Toen waren er van de ene op de andere dag geen concerten meer. Het Noord Nederlands Orkest (nno) viel in het gat waar het in de semi-pauze tussen crisis en het volgende normaal met creatieve noodverbanden probeert uit te kruipen. Het bedacht Solo voor twee: een-op-een-concerten door één speler voor één luisteraar, geïnspireerd op Marina Abramović’ fameuze performance The Artist Is Present in het moma. Men herinnere zich: Abramović aan een tafel, zwijgend in oogcontact met wie maar aanschoof, waarna niets dan kijken en peilen. Dat ging ook over de vraag hoe je iets meedeelt zonder woorden. Bij het nno doen twintig deelnemende orkestmusici iets vergelijkbaars mét geluid. De intekenaar meldt zich bij een boekhandel, kerk of privéadres in Groningen. Hij weet niet wie en wat hij te horen krijgt. Hij wordt binnengelaten en neemt plaats tegenover de speler. Een minuut lang zien zij elkaar geluidloos aan. Dan volgt een miniconcert. Na afloop staat de bezoeker op en verlaat het pand. Al die tijd is er geen woord gewisseld. Het enige communicatiemiddel is muziek.

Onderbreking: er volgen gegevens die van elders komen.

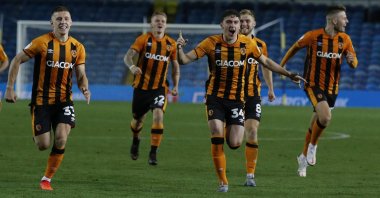 Hull City players run to celebrate after their winning penalty following the penalty shootout during an English League Cup match against Leeds United, Leeds, England, Sept. 16, 2020. (AP Photo)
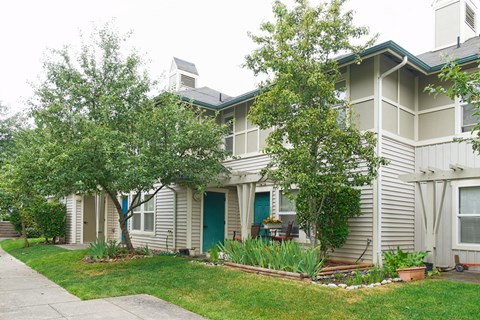 A house with a blue door and a green lawn.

Ik tref ten huize van Marcel Mandos, artistiek leider van het nno, vaste gastdirigent Antony Hermus, ook een zeer goede pianist. De aankijksessie is een ongelijke strijd; Hermus kalm als een sfinx, ik hijgend van de sprint die me na een verkeersinfarct nog net op tijd ter plaatse bracht. Dan zet Hermus zich aan de Yamaha-piano voor een mini-Chopin-recital, net wat ik nodig had. Later zal hij zeggen: ik zie bij binnenkomst meteen wat voor vlees ik in de kuip heb. Dat treft me. Die antenne maakt de musicus, verkenner van sferen. Na mijn luisterbeurt sla ik vanaf de bank twee volgende bezoekers gade, mensen die je normaal over het hoofd ziet in foyers. Nu zie ik voor het eerst wat ze zoeken. Ik zie de dromerige concentratie van de liefde, hopend op een wonder. De kwetsbaarheid van dat verlangen is ontroerend. Alleen in de muziek weet je, als het goed gaat, eigenlijk alles zeker. Die noot moet de ware noot zijn, zo mooi mogelijk. En is hij dat, dan komt hij aan. Via een blik, via Chopin, via de ziel. Over de stille kracht van die transactie gaat dit format. Tot 4 juli en inmiddels uitverkocht, maar het orkest moet dit vaker doen. Ik wist nooit wat verbinding inhield, maar nu wel.